The ideal, however, was to own one or two houses that could be rented out. That was the Mexicans’ Individual Retirement Account (IRA), only better because they did not have to pay an agent or be at the whim of the stock market. The best part of it was that the houses were paid for by the rents.
The lessons I learned from my relatives kept me alive during the summers after I became a school teacher. Teaching paid under $3,000 a year – paid over ten months; they took out for retirement, taxes and other annoyances. So you had to hustle a job during the summer; the alternatives were to go into debt or starve. I would save $200 and every summer buy a fixer-upper, which I would sell later to finance the following summer’s venture and pay the household expenses for my family.
If I would have kept this up, I could have wound up with ten to 20 houses. They were cheap at the time – cost $8,000 to $10,000 – no money down. However, priorities are set by your values. I gave the houses away in a divorce settlement and turned to more productive pursuits. I thought that I would die young; I didn’t like being a peasant landlord; and I expected my children to have the same opportunities that I had.
The times changed and today being able to buy a house is the exception — let alone two or three houses — and expect to live off the rents. I once had an IRA, but about 2003 I lost all $40,000 of it. This was not an aberration; many of my relatives’ children met the same fate. It almost seems comical because at the time George W. Bush was leading the chorus calling for the privatization of social security.
I am not an economist. I am a historian and I had fully expected the housing market to correct itself. During speculative years of the 1920s, housing prices soared, but were corrected by the crash of the Depression of the 30s and the New Deal. Working class people could afford homes, if they had a job. The cost of housing rose above my relatives’ means, and during the housing boom they could not afford a second home. That was good and bad, and people were satisfied that the home they owned increased in value.
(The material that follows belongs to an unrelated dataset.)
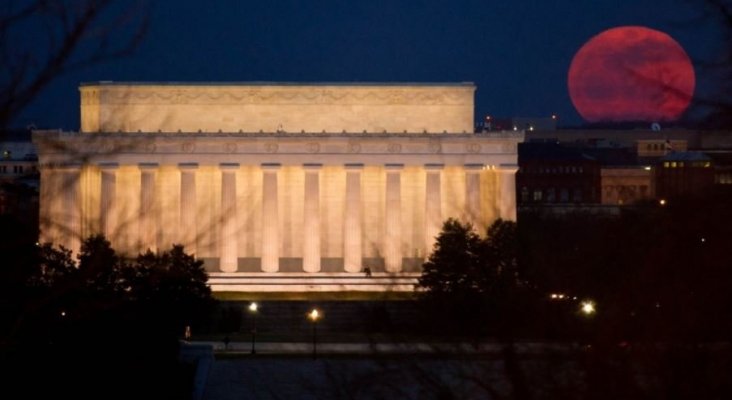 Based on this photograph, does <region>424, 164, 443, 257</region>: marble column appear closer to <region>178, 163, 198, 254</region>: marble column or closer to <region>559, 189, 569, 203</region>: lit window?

The FHA and the GI Bill made houses more accessible, but they also inflated prices. There was a slight rise in housing costs during the 1950s, with a correction during the 60s and 70s. By the 1980s, a boom again made buying that extra home more difficult.
In the LA area prices came down briefly, only to jump up again in the latter part of the decade. In the 90s, the patron saint of the working class, William Jefferson Clinton, ended the regulatory acts of the 30s, and that ended ability of the housing market to correct itself, making the housing bubbles of the first decade of the 21st Century inevitable.
When the Depression of 2008 came about, I looked for a silver lining. I hoped that prices of homes would come tumbling down, and maybe my relatives’ grandchildren could walk away from the inflated prices they had to pay for their homes during the decade of the bubbles.
Many had paid $450,000 for homes in marginal neighborhoods, which seemed a bit excessive – especially when the value of that home fell to $275,000. There was no way my relatives could keep making those house payments, or much less buy an extra home for retirement.
Many of us gave Presidents George Bush and Barack Obama passes when they gave bailouts to the Wall Street and the banks. Perhaps because we hoped that the bankers and the corporate elite would use the money for the common good. But like they used to say when I was in the army, “Never happen G.I.”
Looking back, I am not as naïve as I once was, and I have ceased to believe in fairy tales. There will be no recovery at least not in the same way there was when I was a kid. Age has taught me that I have to wake up and accept the nightmare, and just maybe if I would have understood it then my grandchildren and those of my relatives would have something to look forward to. They would not be held captive by the managers of IRA-like funds.
What finally burst my bubble though was the rise of the hedge funds, which are today for all intents and purposes in control of government.
I have known this for some time but have been in denial. However, I recently read a series of articles in a community newspaper called Tribuno del Pueblo on the takeover of the family housing market by the super rich. It wrote that this was organized by the largest bankers and hedge-fund operators that have seized control of Fannie and Freddie Mae grabbed half the nation’s mortgages and some 200,000 homes.
“The hedge-fund speculators who are buying up hundreds and thousands of houses in foreclosures and short sales are right when they say that this is ‘the new face of real estate.’” Rounding off the collusion between the speculators and government, the Obama administration is selling off tax liens to the former the super-rich – why not Obama’s appointments come from this class.
It is a new age and there is no room for the peasant landlord of my father’s times. We don’t have the capital to compete.
Recently a friend was trying to buy his first home. He followed the newspaper ads hoping to buy a foreclosure. The brokers refused his multiple bids on foreclosed residential homes. They tried to sell him “for sale” homes that had already been bid up above the asking price. Probing around he learned that the broker had reserved the foreclosed house for a local politician who he represented at auction.
Well, there are those who are forever blowing bubbles. They are dreaming for the days that they could buy a home as an investment for old age and then pass it on to their children or grandchildren. But the truth is that those are only dreams, and today we are living the nightmare.